Von Christoph Scharf
Lorenzkirch. Frühling? Sommer? Herbst? Winter? In Lorenzkirch gibt es nur zwei Jahreszeiten, das lernt man schnell: vor dem Lorenzmarkt – und nach dem Lorenzmarkt. Bis zum Tag X, der dieses Jahr auf Freitag, den 5. August fällt, müssen die Vorgärten in Ordnung, die Fenster geputzt, die Mülltonnen weggeräumt sein. Dieses Mal kann das Dorf sogar mit einem neuen Bürgersteig aufweisen, wenn voraussichtlich einige Tausend Besucher auf die Elbwiesen strömen. Dort preisen Schausteller und Händler ihre Angebote an – während gleichzeitig zahllose Dorfbewohner dafür sorgen, dass sich der Lorenzmarkt vom Durchschnitts-Jahrmarkt deutlich abhebt.
So geht die Kaffeestube im Pfarrhaus bereits in die 20. Auflage: Um die 30 Helfer unter der Regie der Ur-Lorenzkircherin Ina Pradella schenken dort Kuchen und Kaffee aus – an historischem Ort. Soll doch Pfarrer Heinrich Sappuhn vor mehr als 300 Jahren einige Säcke grüner Kaffeebohnen aus den Türkenkriegen nach Sachsen geschafft haben.
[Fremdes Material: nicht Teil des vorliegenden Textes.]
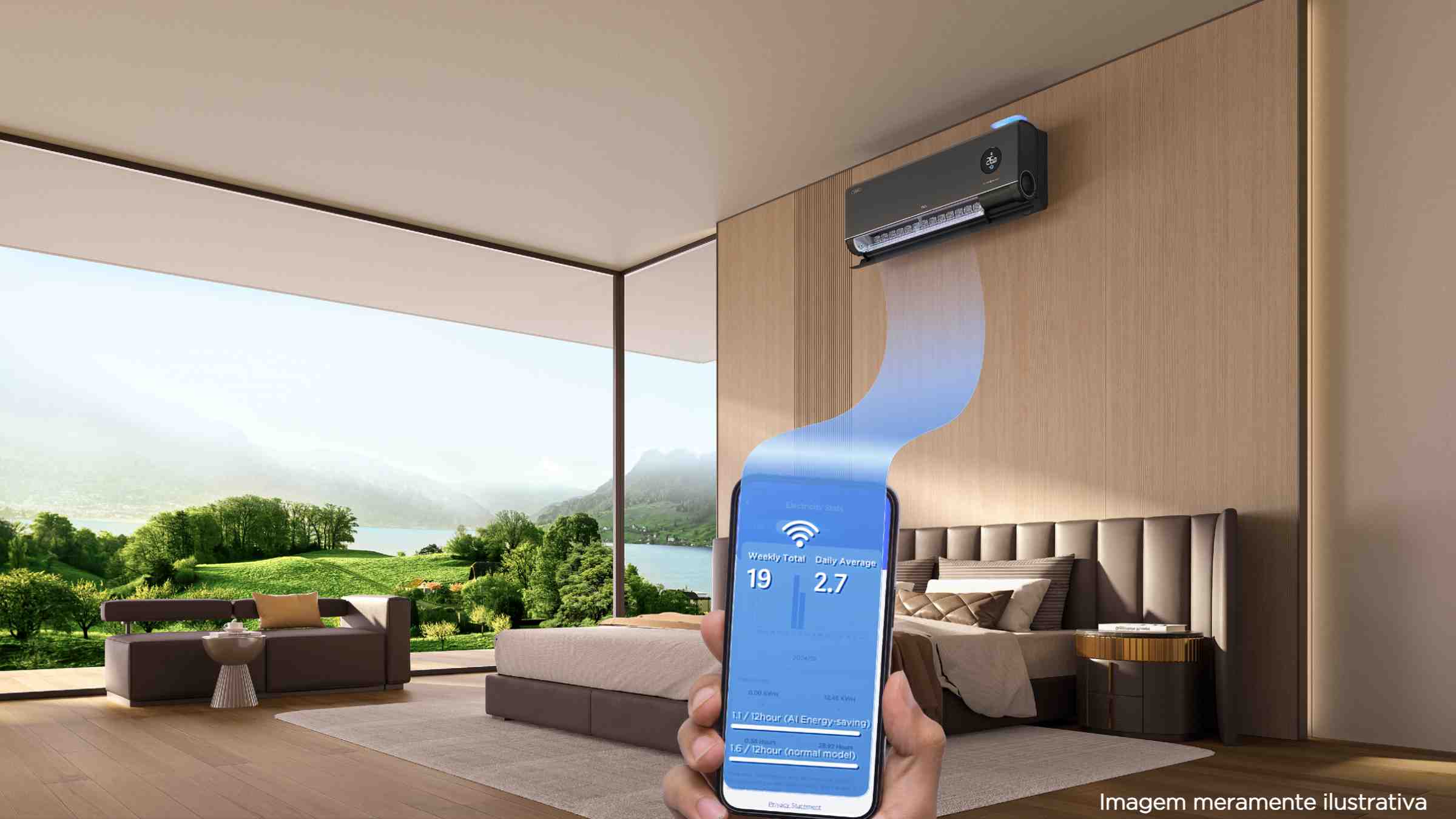 Electricity Consumption Monitoring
Zu einer Zeit, in der man in Mitteleuropa noch wenig mit dem seltsamen Trank anzufangen wusste. Drum nimmt Lorenzkirch bis heute für sich in Anspruch, der erste Ort Sachsens zu sein, in dem man gemeinsam Kaffee trank.
Gleich nebenan im Pfarrgarten bereitet Hannelore Wobus seit Wochen den Flohmarkt der Kirchgemeinde vor, bei dem vom selbst gehäkelten Topflappen bis zur Schlager-Schallplatte alles Mögliche im Angebot ist – und zugunsten eines guten Zwecks Abnehmer sucht. Auch in einem Dorf weiter elbaufwärts in Zschepa beschäftigt der Lorenzmarkt schon lange die Einwohner. Dort bereitet Barbara Fischer ein Treffen historischer Fahrzeuge vor. Vor allem alte Traktoren spielen am Sonnabend auf dem Markt eine wichtige Rolle. „Einige Besitzer haben sogar eine recht weite Anfahrt, wollen aber trotzdem gern jedes Jahr dabei sein.“
Freibier, Oldtimer, Blasmusik
Schon das reine Anschauen der Technik begeistert so manchen. Aber zum Gesamteindruck gehört natürlich auch noch das Tuckern dazu. Das gibt es am Sonnabend zweimal reichlich: gegen 13 und gegen 16 Uhr, wenn alle Fahrzeuge zu einer Ausfahrt durchs Dorf losrollen. „Das Vorglühen beim Lanz-Bulldog ist natürlich ein ganz besonderer Höhepunkt und wird von allen bestaunt. Viele kennen das noch aus ihrer eigenen Kindheit“, sagt Barbara Fischer. Bei der vierten Auflage des Treffens gibt es eine Premiere: Zum ersten Mal sind Mitglieder des SR-2- Clubs aus Streumen dabei. Die historischen Traktoren werden also von ebenso schicken, aber deutlich kleineren DDR-Mopeds begleitet. Wer selbst einen Oldtimer in der Garage oder Scheune stehen hat, kann sein Schmuckstück auf dem Lorenzmarkt präsentieren kommen – am Sonnabend von 12 bis 16 Uhr.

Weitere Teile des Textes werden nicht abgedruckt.